2020年の大河ドラマ『麒麟がくる』がいよいよスタートする。
主人公・明智光秀は京都の丹波・丹後地方とのゆかりが深い。

今回はその義父であった細川幽斎、娘婿の細川忠興、そして娘であるガラシャという3人の絆との絆を紐解きながら、戦国ドラマの舞台となった各地の史跡を巡る旅をご提案!

 細川幽斎(藤孝)とは
~明智光秀とのつながりを辿って~

舞鶴市・田辺城跡(舞鶴公園)
関ヶ原の戦いの前哨戦において細川幽斎が籠城し、西軍を迎え撃った城。

光秀との共闘から一転
一族存続を賭けての戦い

 足利義昭(あしかがよしあき)に側近として仕え、彼の室町幕府15代将軍への就任に尽力した細川幽斎(藤孝)。
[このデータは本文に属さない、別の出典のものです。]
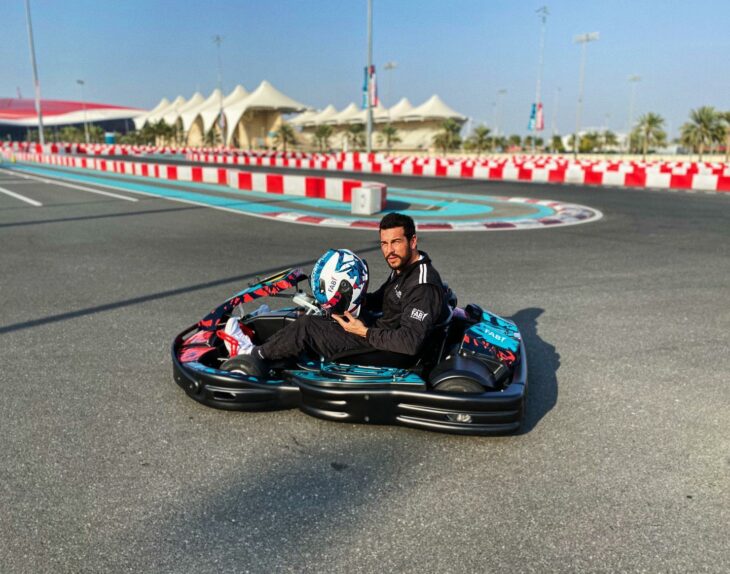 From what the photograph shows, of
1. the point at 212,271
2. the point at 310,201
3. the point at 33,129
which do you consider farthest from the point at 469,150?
the point at 33,129

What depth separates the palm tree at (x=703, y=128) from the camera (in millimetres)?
41625

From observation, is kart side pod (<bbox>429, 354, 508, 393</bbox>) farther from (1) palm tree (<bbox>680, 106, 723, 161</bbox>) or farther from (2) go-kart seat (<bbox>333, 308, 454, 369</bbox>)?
(1) palm tree (<bbox>680, 106, 723, 161</bbox>)

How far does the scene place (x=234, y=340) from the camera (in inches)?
141

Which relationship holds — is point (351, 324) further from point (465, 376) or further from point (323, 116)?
point (323, 116)

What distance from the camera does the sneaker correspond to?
11.7 ft

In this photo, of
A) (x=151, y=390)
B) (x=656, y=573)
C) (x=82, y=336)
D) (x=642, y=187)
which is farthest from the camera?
(x=642, y=187)

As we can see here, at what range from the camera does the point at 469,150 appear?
70875 mm

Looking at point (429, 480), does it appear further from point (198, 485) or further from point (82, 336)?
point (82, 336)

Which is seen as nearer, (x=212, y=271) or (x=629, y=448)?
(x=629, y=448)

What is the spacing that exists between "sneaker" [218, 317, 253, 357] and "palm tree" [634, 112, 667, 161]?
55.2 m

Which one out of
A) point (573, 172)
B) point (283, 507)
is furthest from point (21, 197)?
point (573, 172)

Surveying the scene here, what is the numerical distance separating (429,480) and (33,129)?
6380 inches

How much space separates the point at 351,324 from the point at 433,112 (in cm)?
8042

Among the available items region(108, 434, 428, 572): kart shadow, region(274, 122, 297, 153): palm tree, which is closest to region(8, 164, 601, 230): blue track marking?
region(108, 434, 428, 572): kart shadow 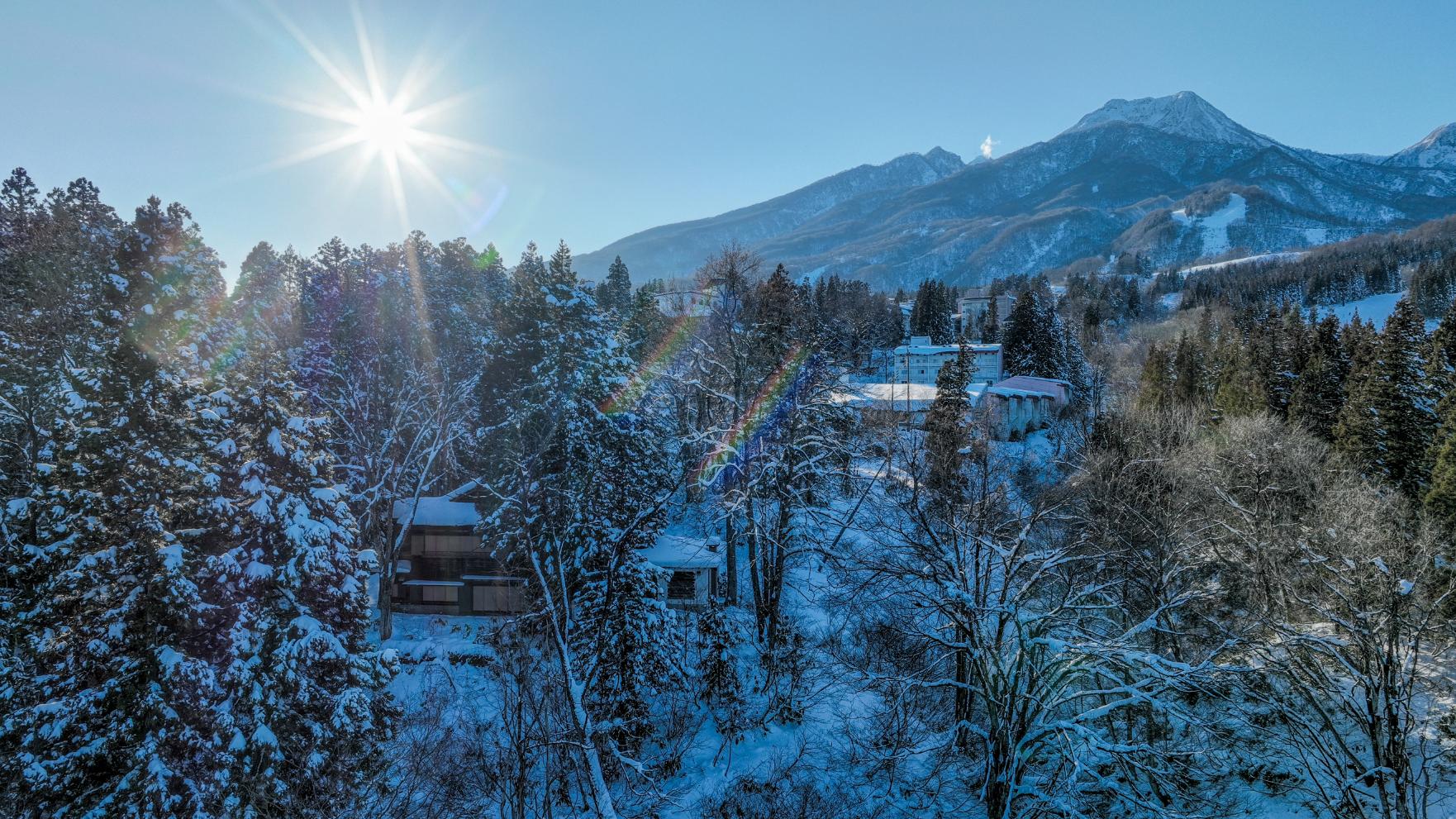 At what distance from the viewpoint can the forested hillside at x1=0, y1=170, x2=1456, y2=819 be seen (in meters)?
11.1

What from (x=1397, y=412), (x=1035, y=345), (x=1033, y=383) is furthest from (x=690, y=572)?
(x=1035, y=345)

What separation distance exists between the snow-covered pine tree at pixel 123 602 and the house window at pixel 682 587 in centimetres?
1536

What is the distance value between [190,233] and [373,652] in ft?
31.4

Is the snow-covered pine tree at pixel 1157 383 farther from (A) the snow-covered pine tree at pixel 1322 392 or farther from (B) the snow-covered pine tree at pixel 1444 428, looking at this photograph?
(B) the snow-covered pine tree at pixel 1444 428

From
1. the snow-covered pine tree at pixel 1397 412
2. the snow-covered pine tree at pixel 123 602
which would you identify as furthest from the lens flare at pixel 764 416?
the snow-covered pine tree at pixel 1397 412

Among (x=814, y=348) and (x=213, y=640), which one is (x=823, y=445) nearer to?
(x=814, y=348)

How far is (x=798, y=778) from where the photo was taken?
52.5 feet

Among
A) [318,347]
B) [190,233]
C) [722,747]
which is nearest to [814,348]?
[722,747]

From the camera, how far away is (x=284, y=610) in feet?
39.9

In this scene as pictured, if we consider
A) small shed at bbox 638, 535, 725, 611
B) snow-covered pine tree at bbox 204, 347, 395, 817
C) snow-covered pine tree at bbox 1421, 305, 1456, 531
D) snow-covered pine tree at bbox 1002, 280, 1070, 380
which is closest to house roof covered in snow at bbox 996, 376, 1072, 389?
snow-covered pine tree at bbox 1002, 280, 1070, 380

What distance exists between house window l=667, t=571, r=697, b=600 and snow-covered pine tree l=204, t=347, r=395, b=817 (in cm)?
1264

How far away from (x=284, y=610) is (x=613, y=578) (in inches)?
286

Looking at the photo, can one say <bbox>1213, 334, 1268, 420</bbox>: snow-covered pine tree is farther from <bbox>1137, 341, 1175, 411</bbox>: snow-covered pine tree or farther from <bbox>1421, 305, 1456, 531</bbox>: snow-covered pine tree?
<bbox>1421, 305, 1456, 531</bbox>: snow-covered pine tree

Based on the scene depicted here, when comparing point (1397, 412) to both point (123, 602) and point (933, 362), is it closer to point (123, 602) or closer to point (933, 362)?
point (123, 602) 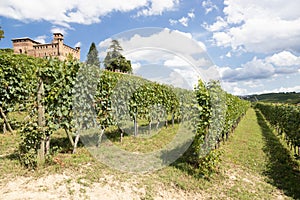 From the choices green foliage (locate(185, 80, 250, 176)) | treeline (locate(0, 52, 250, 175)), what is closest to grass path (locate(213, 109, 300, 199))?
green foliage (locate(185, 80, 250, 176))

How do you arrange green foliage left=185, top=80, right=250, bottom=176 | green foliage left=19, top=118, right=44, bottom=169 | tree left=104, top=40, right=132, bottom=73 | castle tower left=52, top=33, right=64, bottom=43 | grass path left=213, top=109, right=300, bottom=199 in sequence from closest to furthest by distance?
green foliage left=19, top=118, right=44, bottom=169
grass path left=213, top=109, right=300, bottom=199
green foliage left=185, top=80, right=250, bottom=176
tree left=104, top=40, right=132, bottom=73
castle tower left=52, top=33, right=64, bottom=43

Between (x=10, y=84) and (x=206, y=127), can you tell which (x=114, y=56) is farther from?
(x=206, y=127)

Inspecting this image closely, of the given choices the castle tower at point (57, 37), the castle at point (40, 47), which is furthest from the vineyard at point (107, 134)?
the castle tower at point (57, 37)

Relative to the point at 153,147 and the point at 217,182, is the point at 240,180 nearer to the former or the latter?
the point at 217,182

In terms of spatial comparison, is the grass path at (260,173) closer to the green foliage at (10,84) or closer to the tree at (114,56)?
the tree at (114,56)

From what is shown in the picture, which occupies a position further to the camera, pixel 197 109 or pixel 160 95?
pixel 160 95

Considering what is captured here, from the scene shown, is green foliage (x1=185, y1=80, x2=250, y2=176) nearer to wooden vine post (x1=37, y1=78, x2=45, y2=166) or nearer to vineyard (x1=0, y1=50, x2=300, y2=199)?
vineyard (x1=0, y1=50, x2=300, y2=199)

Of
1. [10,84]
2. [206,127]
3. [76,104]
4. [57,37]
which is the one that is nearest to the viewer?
[76,104]

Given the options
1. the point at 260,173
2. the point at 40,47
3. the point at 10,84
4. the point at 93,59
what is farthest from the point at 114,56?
the point at 40,47

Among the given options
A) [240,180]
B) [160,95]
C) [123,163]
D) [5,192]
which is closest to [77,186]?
[5,192]

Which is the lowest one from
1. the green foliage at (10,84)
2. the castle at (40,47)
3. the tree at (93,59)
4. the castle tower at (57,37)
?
the green foliage at (10,84)

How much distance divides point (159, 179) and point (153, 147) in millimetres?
2886

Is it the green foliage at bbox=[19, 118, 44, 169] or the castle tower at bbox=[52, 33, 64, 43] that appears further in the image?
the castle tower at bbox=[52, 33, 64, 43]

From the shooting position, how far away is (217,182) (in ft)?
21.0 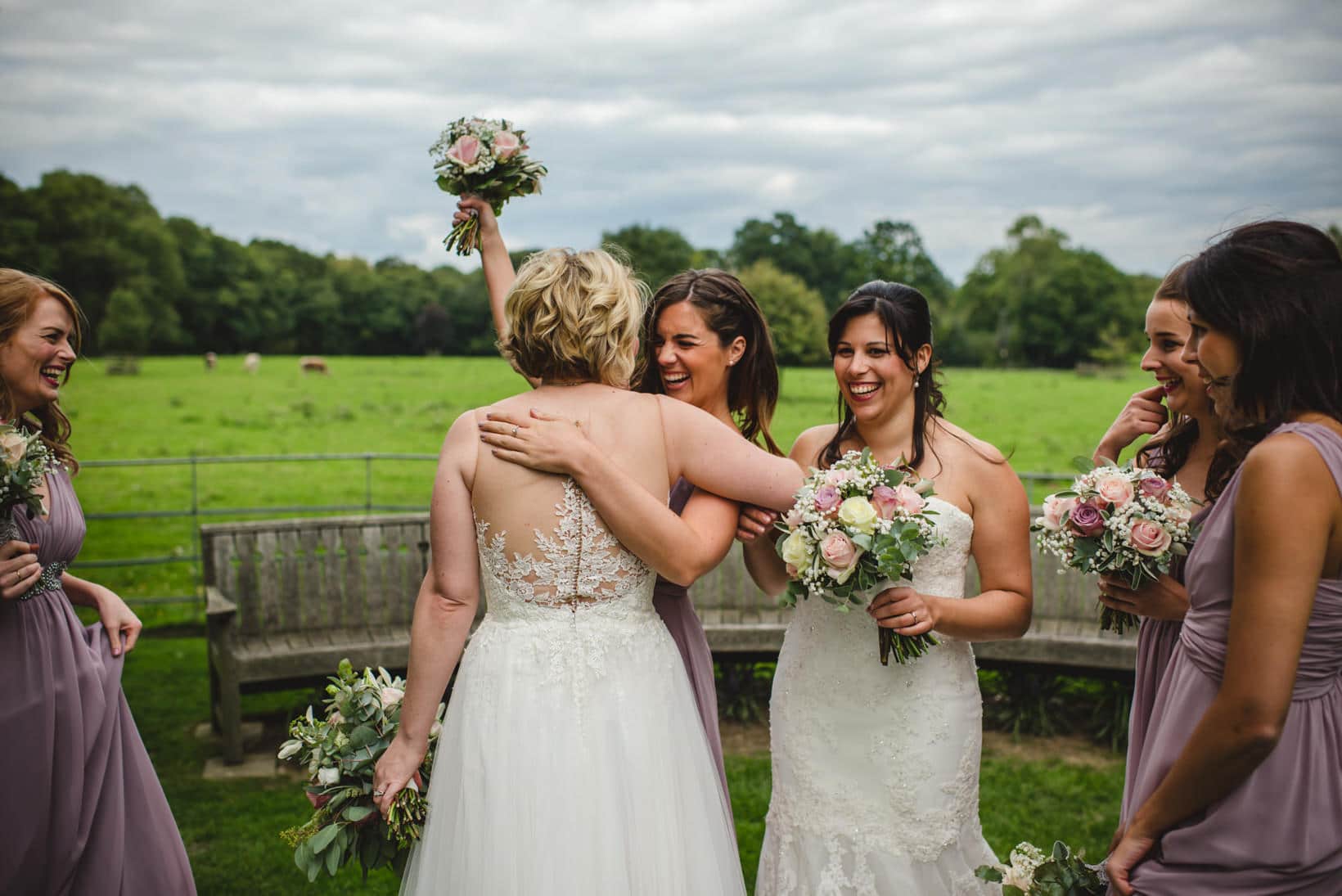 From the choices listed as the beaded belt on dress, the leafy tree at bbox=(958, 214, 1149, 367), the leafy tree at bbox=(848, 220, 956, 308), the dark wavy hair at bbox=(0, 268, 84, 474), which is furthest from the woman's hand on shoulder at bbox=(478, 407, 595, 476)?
the leafy tree at bbox=(958, 214, 1149, 367)

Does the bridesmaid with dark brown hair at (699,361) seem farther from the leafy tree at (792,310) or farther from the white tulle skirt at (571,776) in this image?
the leafy tree at (792,310)

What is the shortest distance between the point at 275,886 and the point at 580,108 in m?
34.6

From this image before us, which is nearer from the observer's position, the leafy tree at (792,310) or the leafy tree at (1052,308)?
the leafy tree at (792,310)

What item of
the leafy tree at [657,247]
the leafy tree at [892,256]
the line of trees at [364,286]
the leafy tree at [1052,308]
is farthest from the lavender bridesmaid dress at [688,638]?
the leafy tree at [1052,308]

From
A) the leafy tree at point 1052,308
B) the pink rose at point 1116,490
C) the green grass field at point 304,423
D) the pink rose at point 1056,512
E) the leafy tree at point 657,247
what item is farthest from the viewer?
the leafy tree at point 1052,308

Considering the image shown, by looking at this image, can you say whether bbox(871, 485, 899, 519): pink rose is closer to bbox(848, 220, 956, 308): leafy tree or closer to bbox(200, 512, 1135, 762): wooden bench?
bbox(200, 512, 1135, 762): wooden bench

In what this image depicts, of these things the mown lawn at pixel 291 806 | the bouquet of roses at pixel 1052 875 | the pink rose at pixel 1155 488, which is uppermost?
the pink rose at pixel 1155 488

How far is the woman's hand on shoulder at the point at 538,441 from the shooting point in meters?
2.72

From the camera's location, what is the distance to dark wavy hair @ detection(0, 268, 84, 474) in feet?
11.7

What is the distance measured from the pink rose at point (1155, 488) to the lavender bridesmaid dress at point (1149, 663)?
0.63ft

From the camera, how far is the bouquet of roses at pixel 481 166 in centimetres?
436

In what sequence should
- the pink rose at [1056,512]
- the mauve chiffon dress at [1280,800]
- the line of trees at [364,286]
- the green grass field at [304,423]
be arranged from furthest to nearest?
the line of trees at [364,286]
the green grass field at [304,423]
the pink rose at [1056,512]
the mauve chiffon dress at [1280,800]

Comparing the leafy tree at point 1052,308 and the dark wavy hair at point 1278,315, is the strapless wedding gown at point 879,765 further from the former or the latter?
the leafy tree at point 1052,308

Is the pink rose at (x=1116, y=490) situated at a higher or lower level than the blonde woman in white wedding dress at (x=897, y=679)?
higher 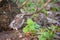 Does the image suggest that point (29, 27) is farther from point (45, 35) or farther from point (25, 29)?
point (45, 35)

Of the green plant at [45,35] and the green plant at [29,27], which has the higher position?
the green plant at [29,27]

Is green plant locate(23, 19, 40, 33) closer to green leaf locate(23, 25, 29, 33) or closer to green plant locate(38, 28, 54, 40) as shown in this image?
green leaf locate(23, 25, 29, 33)

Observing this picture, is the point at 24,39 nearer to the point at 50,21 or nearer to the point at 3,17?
the point at 3,17

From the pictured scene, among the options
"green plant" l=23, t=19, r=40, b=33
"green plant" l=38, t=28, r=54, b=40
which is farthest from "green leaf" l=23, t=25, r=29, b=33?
"green plant" l=38, t=28, r=54, b=40

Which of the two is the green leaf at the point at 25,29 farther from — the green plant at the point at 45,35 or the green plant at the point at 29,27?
the green plant at the point at 45,35

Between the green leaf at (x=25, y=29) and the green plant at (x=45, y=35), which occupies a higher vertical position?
the green leaf at (x=25, y=29)

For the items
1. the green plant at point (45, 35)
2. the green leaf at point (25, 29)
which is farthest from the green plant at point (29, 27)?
the green plant at point (45, 35)

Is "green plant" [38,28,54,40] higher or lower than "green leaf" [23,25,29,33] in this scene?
lower

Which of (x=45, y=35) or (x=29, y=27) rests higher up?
(x=29, y=27)

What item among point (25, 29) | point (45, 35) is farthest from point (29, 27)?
point (45, 35)

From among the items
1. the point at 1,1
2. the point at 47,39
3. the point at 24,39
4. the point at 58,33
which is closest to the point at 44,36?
the point at 47,39

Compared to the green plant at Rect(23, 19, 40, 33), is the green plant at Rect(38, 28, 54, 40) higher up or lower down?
lower down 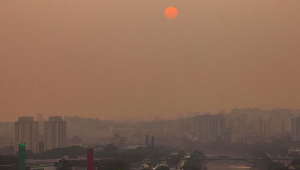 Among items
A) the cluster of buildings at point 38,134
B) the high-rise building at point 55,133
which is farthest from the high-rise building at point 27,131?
the high-rise building at point 55,133

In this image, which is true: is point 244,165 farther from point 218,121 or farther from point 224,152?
point 218,121

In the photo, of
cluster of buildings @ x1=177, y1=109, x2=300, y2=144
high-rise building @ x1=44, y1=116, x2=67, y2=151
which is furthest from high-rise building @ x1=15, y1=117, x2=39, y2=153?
cluster of buildings @ x1=177, y1=109, x2=300, y2=144

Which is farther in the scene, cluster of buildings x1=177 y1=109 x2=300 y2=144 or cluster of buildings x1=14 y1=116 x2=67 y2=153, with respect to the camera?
Answer: cluster of buildings x1=177 y1=109 x2=300 y2=144

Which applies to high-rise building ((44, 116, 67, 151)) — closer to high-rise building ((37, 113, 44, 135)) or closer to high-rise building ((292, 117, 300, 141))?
high-rise building ((37, 113, 44, 135))

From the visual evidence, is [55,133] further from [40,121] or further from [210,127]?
[210,127]

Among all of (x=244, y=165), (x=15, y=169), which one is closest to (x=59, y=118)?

しかし、義昭が織田信長と対立を始めると、幽斎は信長に従った。長男・忠興と信長の重臣となった明智光秀の三女・玉(ガラシャ)は信長の命により夫婦となっている。

 以後、幽斎は山城(やましろ)国の長岡を所領として与えられ、光秀の指揮下に入り、丹波や大和攻略戦に参加した。天正8年(1580)、幽斎は光秀の助力を得て一色(いっしき)氏を破り、丹後攻略を成功させ、信長から宮津(宮津市)を与えられ、宮津城を築き、城下町を整備してそこを拠点とした。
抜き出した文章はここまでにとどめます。